Now That — I Say, That — Is What I Call Counter-Intelligent

Susan and I made good on vague plans suggested a couple weeks ago to forego our usual Saturday-morning porch time and get ourselves over to Griffith Park for a near-sunrise hike from the Observatory up to the top of Mt. Hollywood.

It was my first time on pretty much any of GP’s trails since the devastating fire back in May of 2007, a disaster that part of me is sorry I missed experiencing first hand, but a larger part of me is glad I was far away on a ship somewhere in the Mediterranean Sea as it happened (but I must say it was odd learning about my virtual playground going up in smoke while floating about so far removed some 6,000 miles away).

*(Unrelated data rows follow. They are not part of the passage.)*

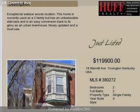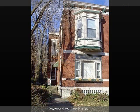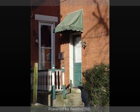This property is a two-bedroom, two full baths, historically significant home. The list price on this property has recently been reduced to $119,900.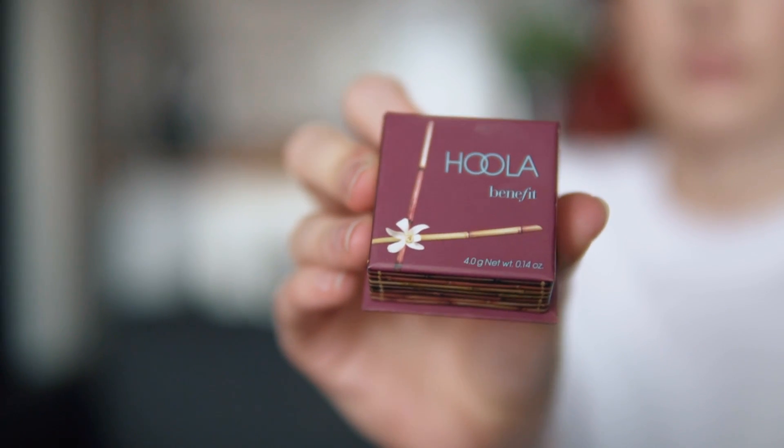Another thing I picked up in Amsterdam was this little Hula bronzer. You might have noticed I've been using it in my last couple of videos. I tried the Hula Light in store but found it was a little bit too yellow and made my face look really yellow, so I went for the darker one and it works really well — I really like it.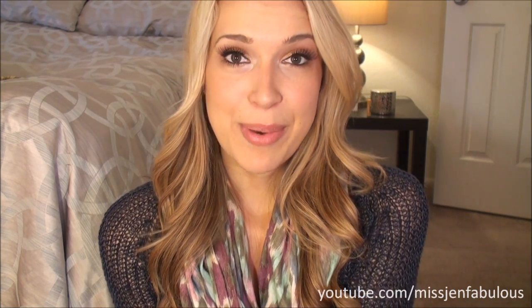Don't forget to check out Miss Jen Vlogs, my beauty blog polishandpearls.com, my boyfriend's channel, and Facebook and Twitter at Miss Jen Fabulous. I hope you guys enjoyed this video and I'll talk to you soon. Bye.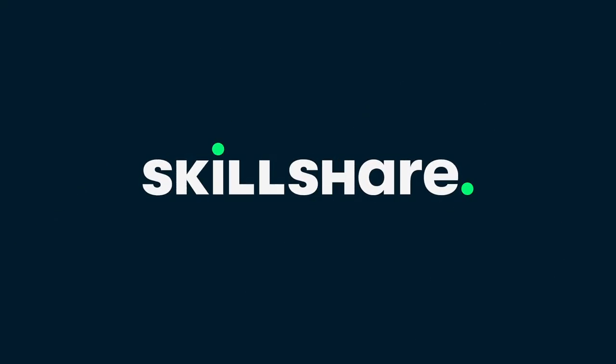This video is sponsored by Skillshare. Hello ladies and gentlemen, welcome to a new video.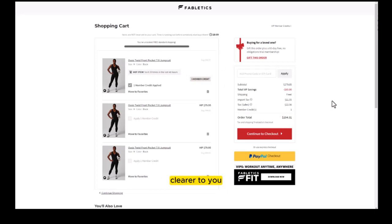Here's one more scenario. I've added three of the same items to my cart and used my member credit to pay for one of them. You can see it's doing the same thing with adjusting the numbers. If I don't use the credit at all, you still get the VIP savings for the discounted price of the items.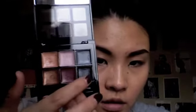So next I'm going to use a cream brush and just put a little bit of cream black color. For the outer V, I'm just going to use this deep plum cream shadow.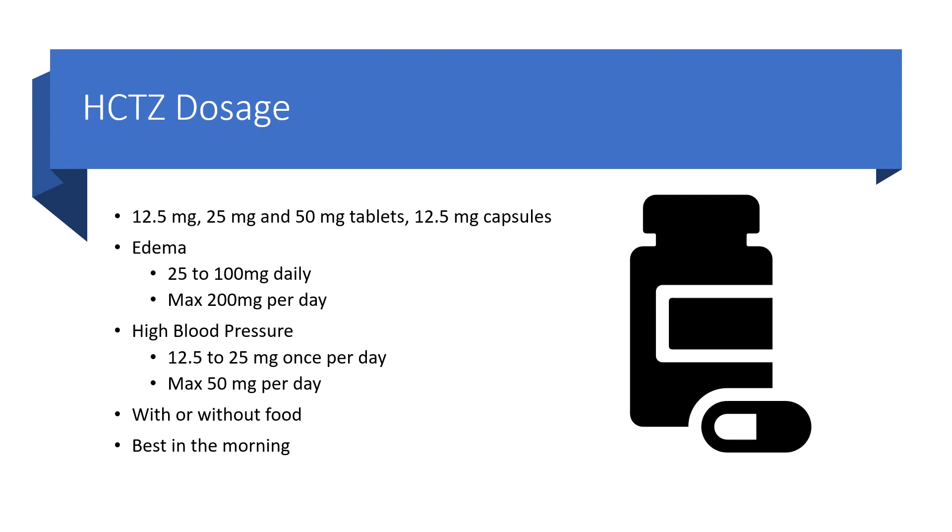For edema or swelling, dosing generally starts at 25 to 100 milligrams daily, maxing out at 200 milligrams per day — though it's typically not your drug of choice for edema. For high blood pressure, by far the most common use, the starting dose is 12.5 to 25 milligrams once per day, with a maximum of 50 milligrams per day.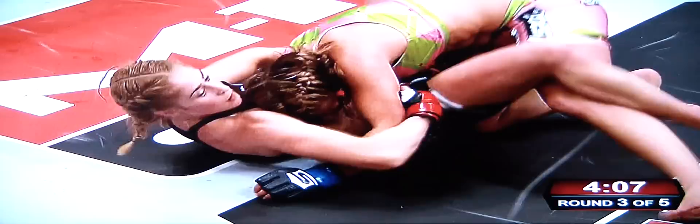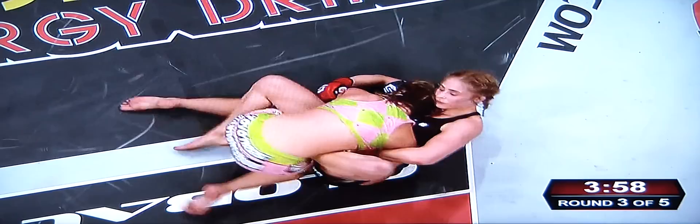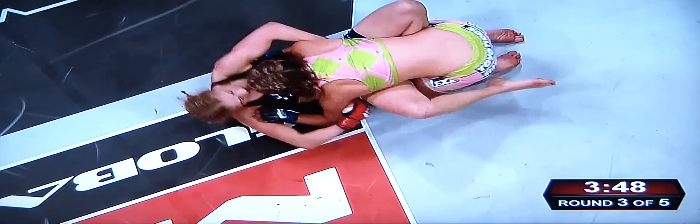Nice takedown as she caught the kick that time. Very good job by Miesha Tate — anticipating the leg kick, catching it, and using it to her advantage. This is her strength right here. Terrific wrestler, as you mentioned, on the boys' team in high school growing up.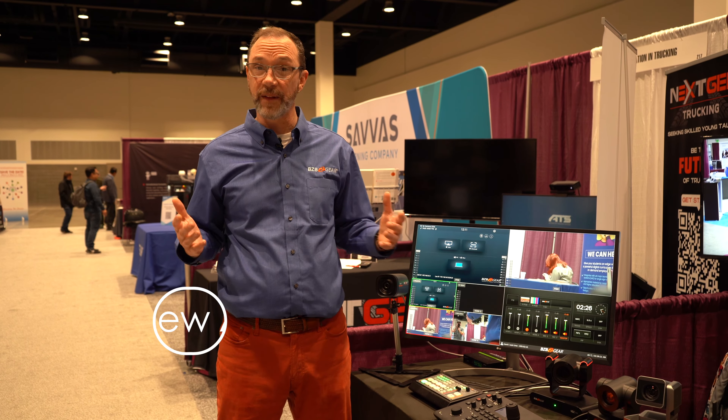Here at the Educating for Careers conference, we brought products that really help teachers do what they do best, and that's teach.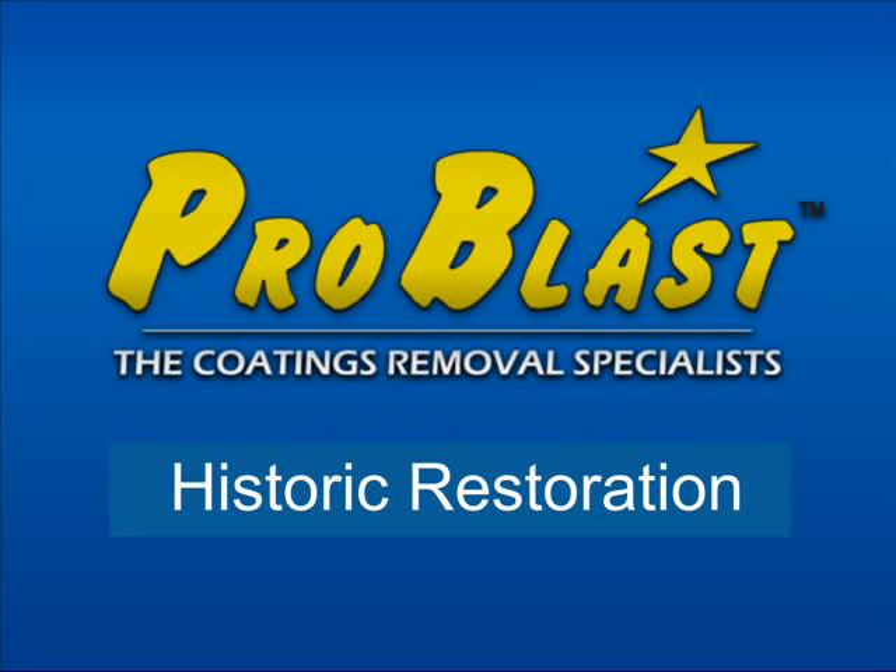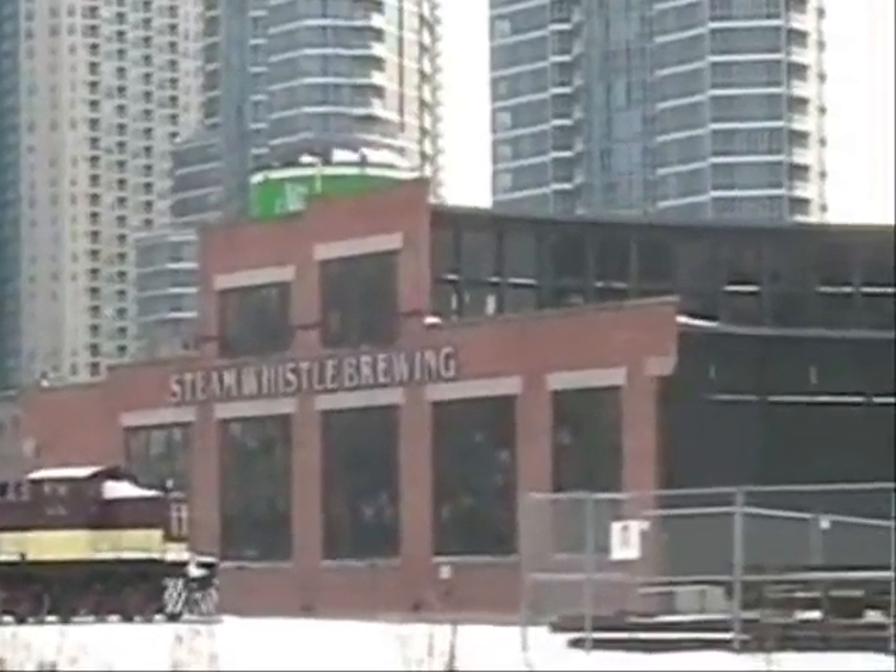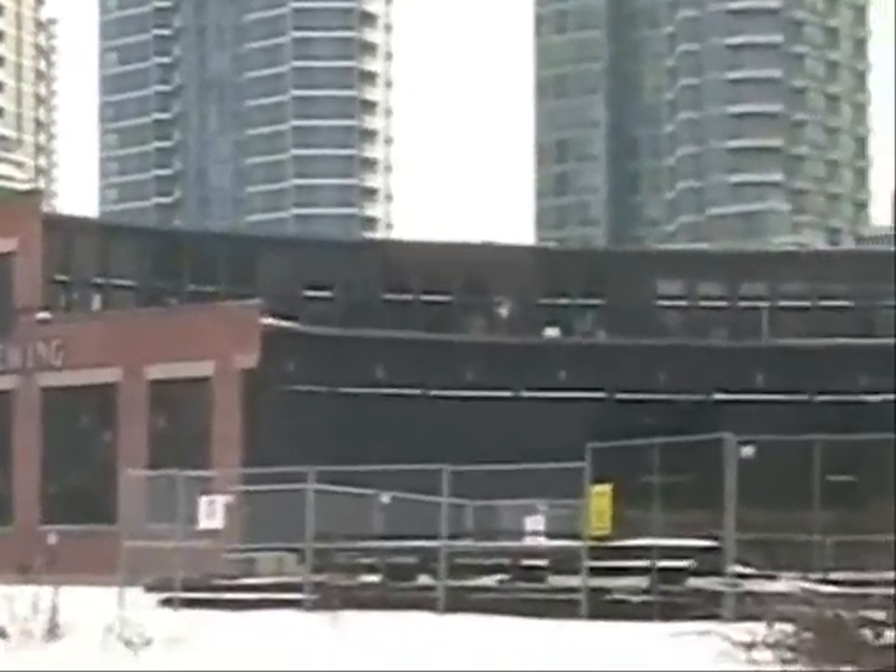Problast Historic Restoration. Historic restoration is like juggling eggs. You've got to have a fine balance between architects, contractors, the environment, and engineers.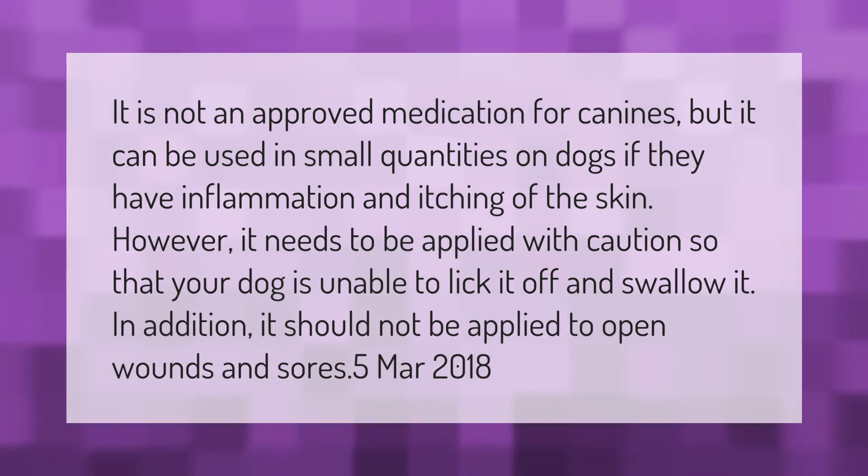It is not an approved medication for canines, but it can be used in small quantities on dogs if they have inflammation and itching of the skin. However, it needs to be applied with caution so that your dog is unable to lick it off and swallow it. In addition, it should not be applied to open wounds.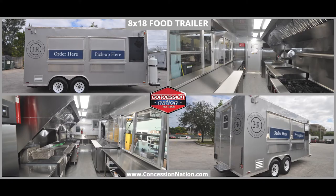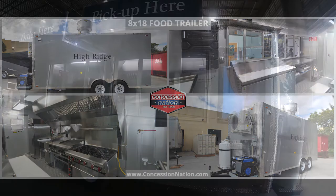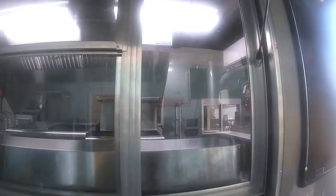High Ridge Country Club teamed up with Concession Nation in 2021 to build a fantastic 8x18 food trailer. The exterior has a TV, speakers, and custom graphics installed on the gray trailer.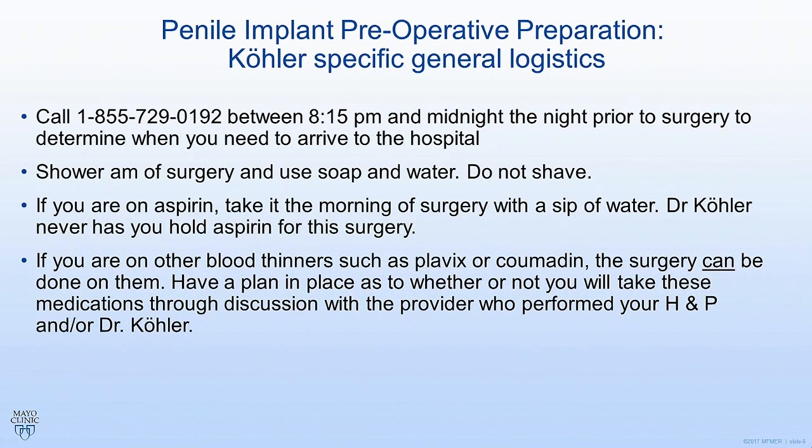Regarding other blood thinners like Plavix, Coumadin, or Eliquis, I do perform the surgery on these medications, but a lot of times it comes down to a risk-benefit discussion with either myself or your history and physical provider to figure out what's going to be best for you. If we do the surgery on those medications, we obviously keep your heart attack risk and stroke risk down low. We have a slightly higher risk of having problems after the surgery, but it's very, very low. I do a lot of the surgeries on full anticoagulation.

I literally could not bring myself to visit the burned areas in the ensuing years because the park is so close to my heart and  I knew if I got up close to all the damage I’d risk breaking down in tears — or at the very least walking through the denuded areas shaking my head so incessantly I would appear to have the most severe case of Parkinson’s ever. I even had trouble looking at pictures of the park in the fire’s aftermath.

So yesterday was my first day in it. And while I still despaired at the lingering evidence all around me, I was heartened at the recovery taking place — bolstered no doubt by this past week’s storms.

But the worst reminder was the pocket to the west of Mt. Hollywood’s summit known as Captain’s Roost, which prior to the fire was a wonderful oasis, but now stands done-in and still waiting any kind of organized attempt to restore it to its former glory.

Whereas the breezes used to blow overhead through the boughs of towering eucapytpus and other trees, those are all gone now but for their charred stumps, leaving little more than a promenade of palms — trunks blackened but surviving.

Among the many things carved into them by representatives of the legion of mouth-breathing cretins compelled to furtively leave definitive evidence of their inbred stupidity, I found one to be the most laughably ridiculous of the bunch: a peace sign.

peace

Given how wordy I’m known to be, I could of course go on and on and on seething about the irony of using a living thing as a canvas upon which to destructively carve such a hopeful symbol, but instead I’ll convey how incensed it made me via the fragment of a dream I had sometime between Saturday night and Sunday morning, one clearly influenced by having watched “Inglourious Basterds” earlier that evening.

In it I was walking along the fire road above the Roost, shaking my head in despair when I  found the culprit in the act of  immortalizing his idiocy. Though it seemed as if the dream started with me empty handed, when I looked down I had a baseball bat in my left, and a giant knife in my right.

I did nothing stealthy in my approach because the young man turned, saw me and simply went back to it as if either he was entitled to do or my walking in a park with a bat and a monster knife was nothing out of the ordinary, so I just walked casually down to a place directly behind him and watched as he continued, the bat resting on my shoulder, the grip on the knife loose.

My guess is he thought I was admiring his work, or at least up until the violence began. But unlike Quentin Tarantino I’ll leave what happened next up to your imagination — other than to say that what I did with the weapons distinctly mirrored their most horrible uses in his movie.